79. Death of a Partner. The death of a partner terminates the partnership. The remaining partners may agree to continue the partnership, which amounts to the formation of a new partnership. In case of death of one partner, title to the partnership property is in the surviving partners. They must collect the assets and may sue on firm obligations. They cannot, as survivors, continue the business further than is necessary to wind up the affairs of the partnership. They must first pay all firm obligations, and distribute the proceeds among themselves and the representatives of the deceased partner.
80. Survivorship. Survivorship is the term applied to the relation to the partnership of the remaining partners, after a dissolution. The partners remaining after a dissolution are known as survivors. The title to the partnership property vests in the survivors, and they must collect the assets, pay the liabilities and distribute the proceeds among themselves and the representatives of the other partners. By statute, in some states, surviving partners are permitted to purchase firm assets at a fair appraised valuation. Surviving partners have the right to retain possession of the partnership property, and to do those things necessary to wind up the affairs of the partnership. They are not permitted to divide any firm assets among themselves, until all firm debts are paid. If A, B and C are partners in the grocery business, and C dies, the title to the property rests in A and B, who have the authority to sue for the debts owing, and may be sued for the debts owed by the firm. They have the right to draw checks on the firm checking account, but no right to incur further obligations. In the absence of special statute, they have no right to purchase the business for themselves, and if they choose to continue it, they do so at their own individual risk, and must account for all profits made.

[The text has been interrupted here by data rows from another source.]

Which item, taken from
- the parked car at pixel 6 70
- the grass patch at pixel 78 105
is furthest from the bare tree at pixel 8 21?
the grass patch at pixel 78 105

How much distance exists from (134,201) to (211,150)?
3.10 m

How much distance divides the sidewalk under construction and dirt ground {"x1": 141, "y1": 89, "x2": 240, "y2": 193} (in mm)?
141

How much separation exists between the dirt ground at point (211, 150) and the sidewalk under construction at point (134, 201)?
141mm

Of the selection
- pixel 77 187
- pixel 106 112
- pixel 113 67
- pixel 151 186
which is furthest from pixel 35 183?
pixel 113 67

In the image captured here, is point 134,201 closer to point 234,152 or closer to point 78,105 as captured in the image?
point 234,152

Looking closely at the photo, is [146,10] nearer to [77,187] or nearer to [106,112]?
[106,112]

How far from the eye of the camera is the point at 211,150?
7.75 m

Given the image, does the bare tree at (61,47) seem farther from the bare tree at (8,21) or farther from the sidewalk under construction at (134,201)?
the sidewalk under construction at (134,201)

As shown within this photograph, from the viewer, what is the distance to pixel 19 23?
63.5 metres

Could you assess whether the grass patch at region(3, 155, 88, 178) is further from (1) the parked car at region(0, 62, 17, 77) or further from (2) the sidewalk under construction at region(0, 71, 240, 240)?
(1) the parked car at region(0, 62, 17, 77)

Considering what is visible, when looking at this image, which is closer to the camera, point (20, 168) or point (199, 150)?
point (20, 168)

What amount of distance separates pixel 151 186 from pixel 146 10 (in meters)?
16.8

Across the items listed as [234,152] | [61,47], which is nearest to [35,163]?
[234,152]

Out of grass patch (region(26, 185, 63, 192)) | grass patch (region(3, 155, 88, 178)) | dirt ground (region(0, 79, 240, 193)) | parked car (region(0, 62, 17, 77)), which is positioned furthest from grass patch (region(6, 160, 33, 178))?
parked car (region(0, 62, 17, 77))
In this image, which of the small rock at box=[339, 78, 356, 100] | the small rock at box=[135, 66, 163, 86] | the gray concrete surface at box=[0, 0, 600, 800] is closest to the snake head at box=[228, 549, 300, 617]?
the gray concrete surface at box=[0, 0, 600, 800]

81. Dissolution of Partnerships. A partnership may be dissolved by lapse of time. If a partnership is entered into under an express agreement that it is to subsist for a certain length of time, lapse of the stipulated period works a dissolution. A partnership may be dissolved by mutual agreement of the partners. A partnership may also be dissolved by any change of membership, whether it be the withdrawal of a member, admission of a new member, or death of a member. Bankruptcy of a member, or bankruptcy of the partnership itself, works a dissolution. If one party violates his duties as a partner, or if for any reason, the partnership ceases as a result of a decree of court, there is a dissolution.

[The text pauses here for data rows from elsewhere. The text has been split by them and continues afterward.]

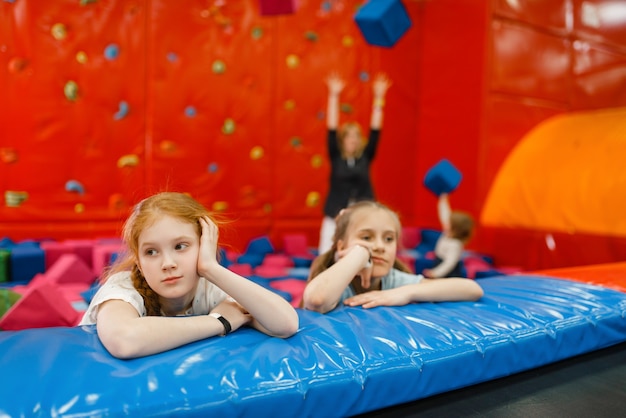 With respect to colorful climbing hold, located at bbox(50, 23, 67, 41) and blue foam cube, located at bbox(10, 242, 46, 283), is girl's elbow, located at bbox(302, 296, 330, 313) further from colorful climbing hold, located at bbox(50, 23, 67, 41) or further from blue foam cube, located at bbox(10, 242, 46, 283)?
colorful climbing hold, located at bbox(50, 23, 67, 41)

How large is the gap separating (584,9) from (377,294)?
5329mm

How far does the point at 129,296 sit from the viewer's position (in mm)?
1287

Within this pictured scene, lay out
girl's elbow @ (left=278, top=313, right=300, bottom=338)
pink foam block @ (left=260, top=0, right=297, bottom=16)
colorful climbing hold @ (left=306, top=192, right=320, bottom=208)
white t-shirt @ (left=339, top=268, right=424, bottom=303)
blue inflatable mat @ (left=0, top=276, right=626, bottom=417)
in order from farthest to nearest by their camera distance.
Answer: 1. colorful climbing hold @ (left=306, top=192, right=320, bottom=208)
2. pink foam block @ (left=260, top=0, right=297, bottom=16)
3. white t-shirt @ (left=339, top=268, right=424, bottom=303)
4. girl's elbow @ (left=278, top=313, right=300, bottom=338)
5. blue inflatable mat @ (left=0, top=276, right=626, bottom=417)

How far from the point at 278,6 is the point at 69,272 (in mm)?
2096

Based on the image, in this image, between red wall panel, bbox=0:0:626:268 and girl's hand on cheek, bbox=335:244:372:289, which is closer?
girl's hand on cheek, bbox=335:244:372:289

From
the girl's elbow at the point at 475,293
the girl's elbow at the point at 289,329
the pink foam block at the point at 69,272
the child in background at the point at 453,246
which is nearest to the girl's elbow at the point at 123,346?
the girl's elbow at the point at 289,329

82. Notice of Dissolution. Persons who deal with a partnership through one of the partners, or through an authorized agent, have the right to assume that the partnership will continue to exist. If a partnership is dissolved by lapse of time, by mutual agreement, or by withdrawal or entrance of another partner, notice must be given of such change, to protect the members of the former partnership against contracts of third persons, made subsequently to the dissolution. Business people, who have had former dealings with the partnership, must receive actual notice. These notices may be sent by mail, or delivered orally, or in writing. A public announcement in a newspaper is sufficient to protect former partners against contracts subsequently made by persons who have not previously dealt with the firm. In case of dissolution of a partnership by operation of law, such as by death of a member, bankruptcy, or decree of court, no notice is necessary. The act which causes the dissolution is deemed to be notice to everyone.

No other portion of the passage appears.